How Search Engines Work : Learn About Search Engines & Their working
It’s been 10 years since I wrote the second edition of a book about search engines called “Search Engine Marketing: The Essential Best Practice Guide”. It was a very big seller and, in fact, it carried on selling through to the beginning of 2010 when I took it offline.
I’ve decided to start this year by revisiting the chapter in the book about how search engines work. I’ve said many times over the years that, most books about SEO have a section called how search engines work. But rarely (if ever) do they describe the interdisciplinary approach to information retrieval (IR) covering mathematics, computer science, library science, information architecture, cognitive psychology, linguistics, and statistics – to name but a few.
Previously, I had written mainly about methods of manipulating rankings by keyword stuffing and other black hat type techniques of the time. But as I began to realize the importance of linkage data and even more so, link anchor text, I became more and more inquisitive as to what it was exactly that search engines used in their ranking technologies.
After talking to one of the pioneers in web search (Brian Pinkerton of WebCrawler) I was introduced to the work of foremost information retrieval scientist, Gerard Salton. This was a major breakthrough for me.
Salton’s work was cited in just about every IR research paper I read at the time. So I tracked down and bought a copy of his seminal work “Modern Information Retrieval” (written back in 1983, however Salton’s work in the field goes back to the early 1970s).
As a marketer, not a scientist, this was no easy read.
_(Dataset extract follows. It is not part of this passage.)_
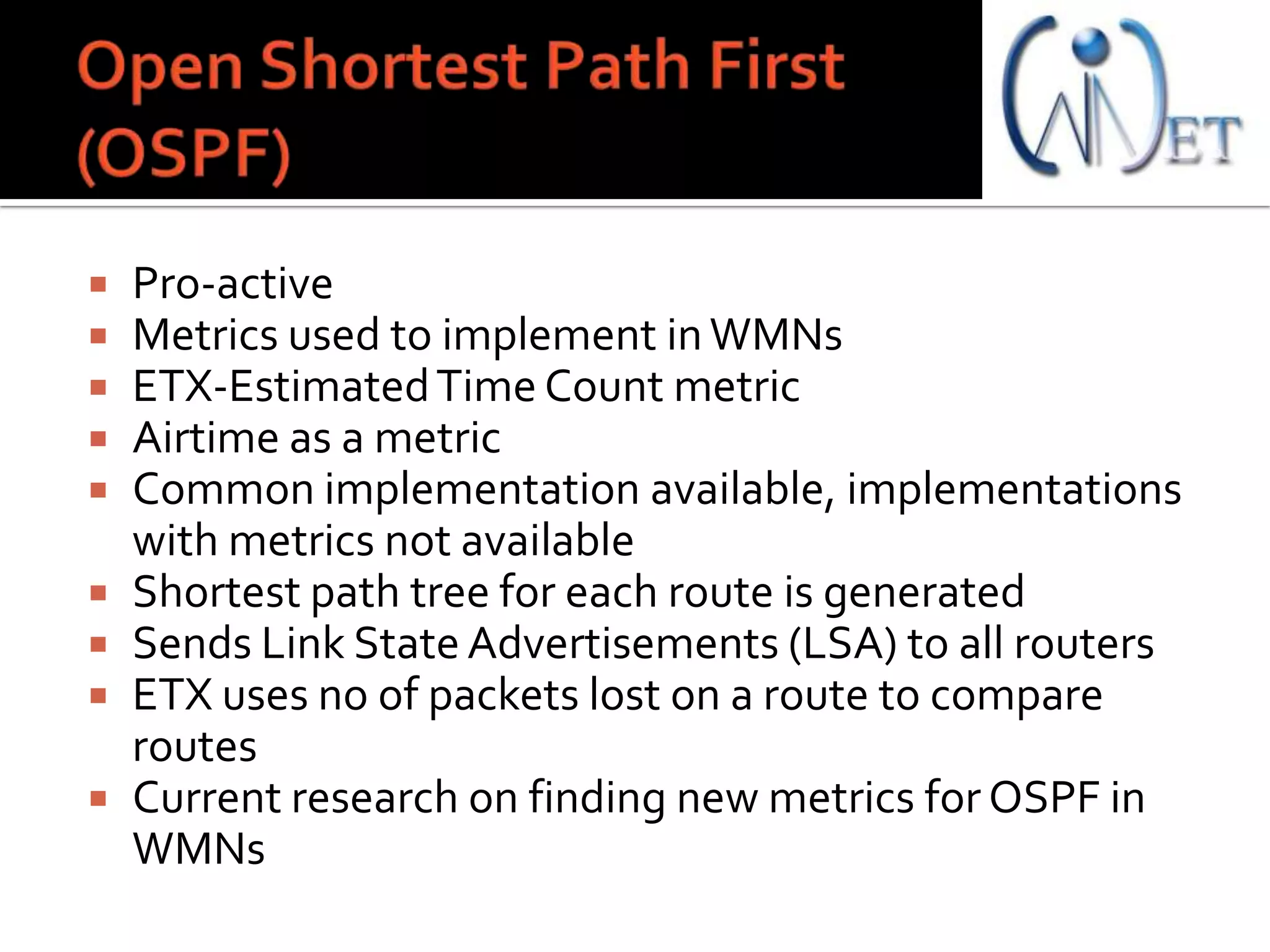 Wireless mesh networkk routing | PPTX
Yet, as I began to grasp the basic concepts and drivers behind information retrieval (and the way it is applied to the web) the more I was able to understand the major challenges involved. And that led me to change, not just the amateurish and spammy techniques I’d used previously, but to thinking about SEO in an entirely different way.
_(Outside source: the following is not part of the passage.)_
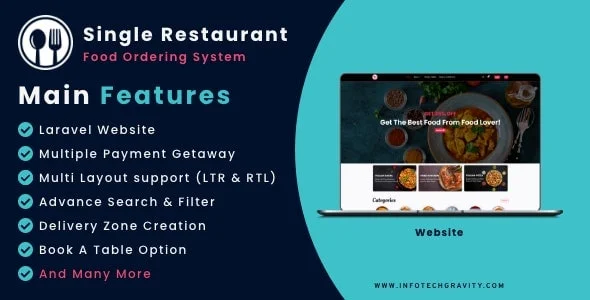 Single restaurant food ordering Website v8.0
And to this day, I still firmly believe that a basic understanding of the science of information retrieval on the web goes a long way toward helping search marketers dispel myths and do their jobs more professionally and proficiently.
Of course, 10 years later my personal library has grown to include a very large section of information retrieval and data mining texts as more and more become available. This is also largely due to the fact that the subject matter is so fascinating it’s hard not to become engrossed.
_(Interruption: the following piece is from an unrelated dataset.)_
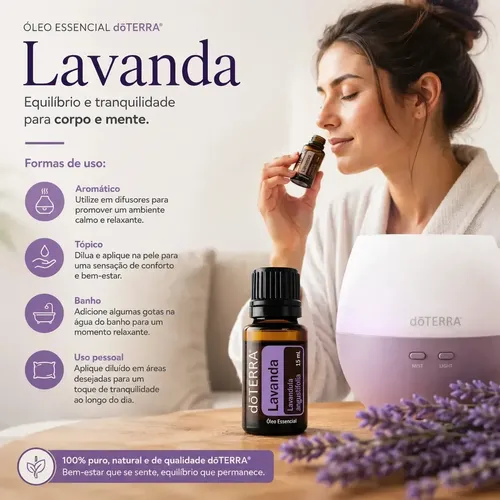 Lavender - Óleo Essencial De Lavanda 15ml - Doterra | Parcelamento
As I revisited the chapter I’d written on how search engines work from a decade ago, I expected it to be a bit stale, but it wasn’t at all. Although, I dare say, to an IR scientist, if not stale it probably seems about as elementary as it gets. I wrote the chapter placing great emphasis on trying to make it non-mathematical. By that I mean highlighting concepts and background theory rather than matrices and formulae. That said, it’s extremely hard to cover the subject without references to linear algebra and other mind-numbing math.
Anyway, if you’re genuinely interested in how search engines work (but really, not the anecdotal stuff generally bandied around) then it’s as good a place as any to start. I mention in the introduction that it is totally unchanged from the very quirky, very British flavor it had when it was first published. A few pages were eliminated purely because they were totally irrelevant a decade later. There are a few little gems in it which I’d forgotten about.
No the subhead above isn’t a typo or spelling mistake. It’s actually a conversation.
When the French author Victor Hugo had Les Miserables published, he was not living in Paris at that time. He was waiting to hear news from his publisher about the kind of reception his new book was having. When he could wait for news no longer, he sent a letter to his publisher which contained only the character: ?
On receiving this, his publisher knew exactly what it meant and he returned a note to him containing only the character: ! This let Victor Hugo know that his book was a huge success. It is said that this is the shortest correspondence in history.
What’s that got to do with anything? It was actually a good analogy I used relating to the length of the average query at search engines at the time and how difficult it is to deal with short queries.
I’m seriously thinking about trying to find the time to update the entire book this year and make it available free to Search Engine Watch and ClickZ subscribers. More recently I’ve been reading about a feature-centric view of information retrieval and also learning to rank for information retrieval and natural language processing (very hot research topics). I’ll be writing a couple of follow up columns covering these subjects combined with fascinating insights into the strength of end user data and, of course, weaving that into the update of the book once I get time to make a start.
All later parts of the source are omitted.